For Deathly Encounters!, an evening event hosted at the Museum of Archaeology and Anthropology in central Cambridge, we were excited to trial two new variations on our workshops. In both cases, the value comes from engaging with historic approaches to death in culture, and from the rich conversations which are prompted by social handicrafts.
- Mourning ribbons
For this activity, participants could grab a drink and join us at the craft table to learn about the traditions of mourning ribbons.
In Western culture, mourning ribbons and mourning jewellery have been used back to the 14th century. They include rings, beads, ribbons and rosettes, usually black in colour, and often incorporating some commemoration of a specific person who has died. In some case, mourning jewellery includes images of the deceased, locks of their hair, or even teeth.
In the eighteenth century, strict social codes around mourning required widows, widowers and other relatives to wear different degrees of black and sombre-coloured clothing, thus visible and publicly marking the period of mourning which could last several years. Mourning ribbons are used to this day, sometimes as symbols of activism rather than personal connection to a dead person.
In practice, then, it was necessary after a death for the family – primarily the women and servants – to arrange quickly for clothes and accessories to be altered to add black ribbons and crepe, veils and black stone jewellery. In our workshop, we try our hand at creating mourning ribbons and memento mori whilst discussing what effects it might have had on the experience of bereavement and grief to engage in the family ritual of mourning.
- Fortune tellers
This activity asks participants to recall the playground game of folding origami fortune tellers. Using some beautiful paper we asked each crafter to take their time and choose words which they connected to death and dying.
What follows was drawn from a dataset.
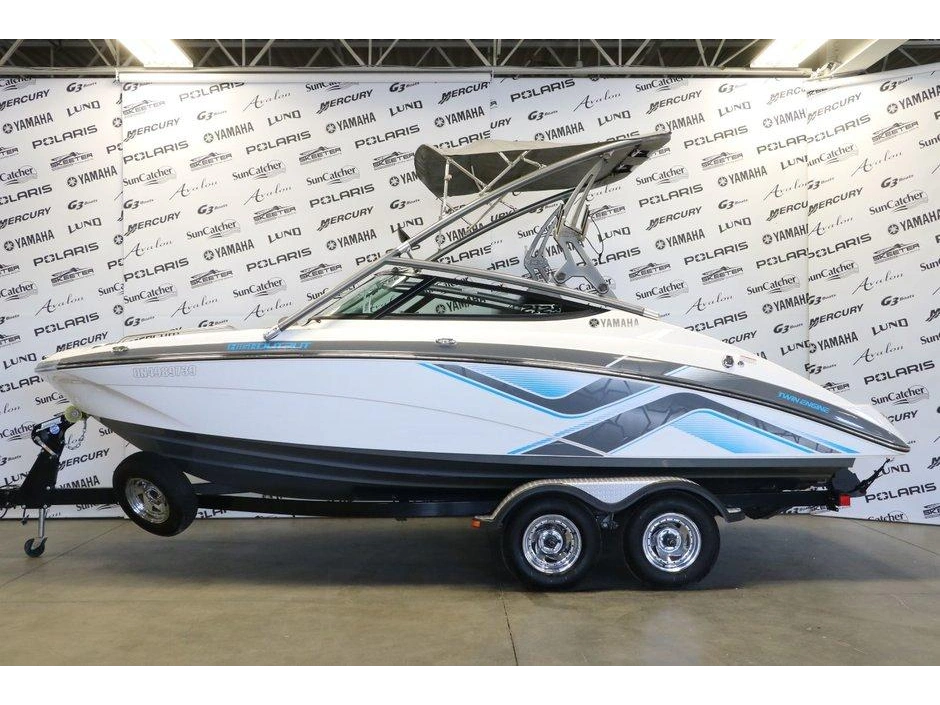 2015 Yamaha Yamaha 212x alt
The responses were startling in their variety. The fortune tellers could then be passed around for others to discover.
A fortune teller is a playful way to recall words and ideas that are important to you, and to place these in dialogue with other perspectives. For inspiration, you might use a poem, picture or phrase as the basis for the selection of words. You could use all verbs, or all nouns; colours; questions; words connected to the body; words connected to a person. Vocabulary of the natural world were common. One visitor to the stand wrote messages of hope and comfort. One participant wrote “game over” on all eight triangles.